# Recipe for Can Crab Meat



## roger1shot (Jul 28, 2004)

Hey,
I've got some can crab meat that I want to fix up.
They were left over from making hot peppers and crab meat.
What can I make out of the can crab meat?


----------



## Ibeafireman (Jul 24, 2006)

get some shrimp and make shrimp and crabmeat gumbo. My wife made some last night and it was sooooo good.


----------



## BROWN (Jan 8, 2006)

Crabcakes


----------



## lesmcdonald (Feb 14, 2006)

If you want good crab meat........go to Sam's Club. THey have fresh lump crab meat in 16 oz. containers and at a great price.
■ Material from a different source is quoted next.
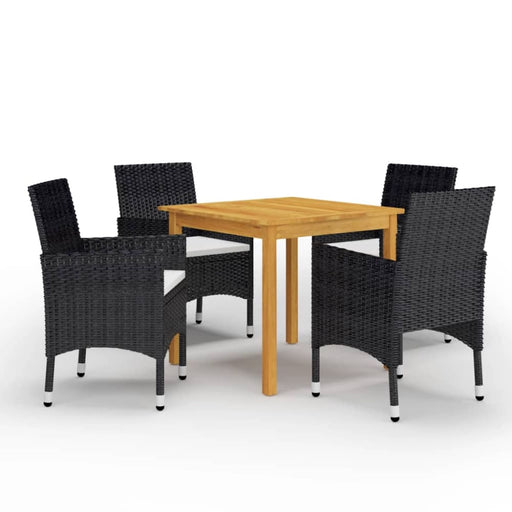 5 Piece Garden Dining Set Black Tblilio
I use it for stuffed flounder and my crab cakes.


----------



## boat_money (May 21, 2004)

seafood enchiladas, yummmmmm


----------



## fishbowl365 (Mar 9, 2005)

stuffed mushrooms


----------



## Crossroads (May 21, 2004)

1 can of crab meat add 8 ounces of soft cheese. Philadelphia brand will work as others but it needs to be room temp and soft. Mix the crab and cheese, I like to add 4-6 drops of liquid smoke. Roll the mixture into a sausage shaped cheese log. Spread a nice layer of crushed pecans on a board and roll the cheese log coating the outside. Wrap in plastic wrap and refridgerate until cold and firm. Serve with crackers.


----------